§ **Work task**:
Each line below should be repeated exactly as written, with no pictures carried over.
═════ Recorded data ═════
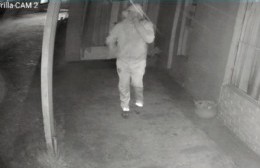 Captaron imágenes de un individuo que violentó la puerta de entrada a una parrilla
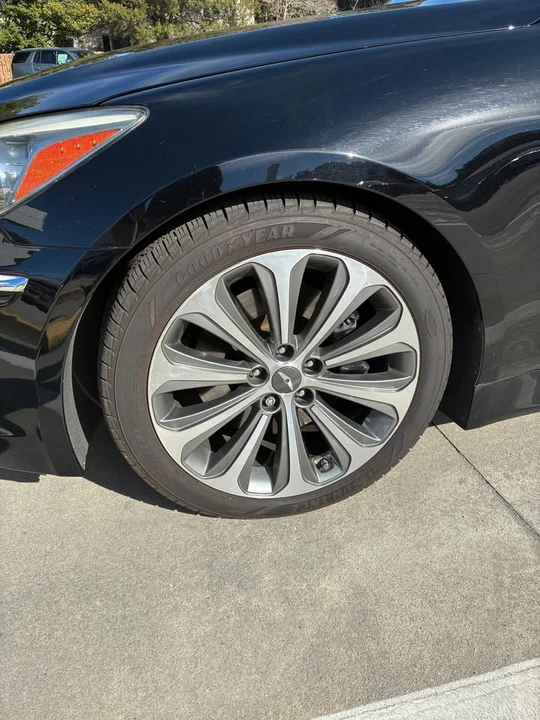2014 Hyundai Genesis - Image 5 of 9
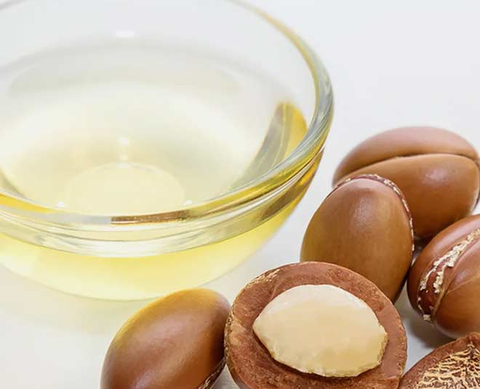 Eggs are packed with protein, and combined with argan oil, they help restore weak hair, making it strong and glossy.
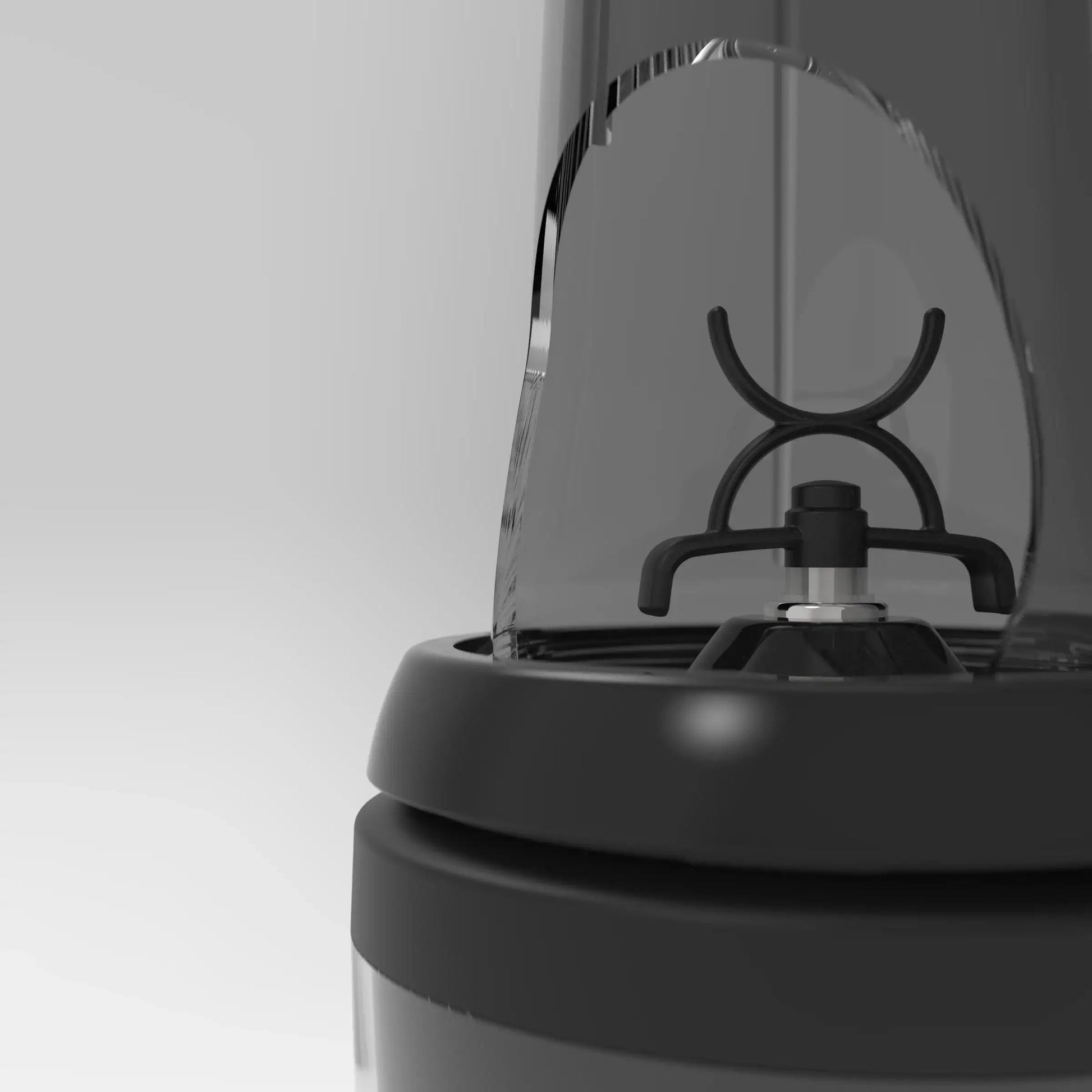 nutrition-and-protein-blender-n2 xblade_cutaway.1660.jpg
═════
§ **Problem solution**:
 Captaron imágenes de un individuo que violentó la puerta de entrada a una parrilla
2014 Hyundai Genesis - Image 5 of 9
 Eggs are packed with protein, and combined with argan oil, they help restore weak hair, making it strong and glossy.
 nutrition-and-protein-blender-n2 xblade_cutaway.1660.jpg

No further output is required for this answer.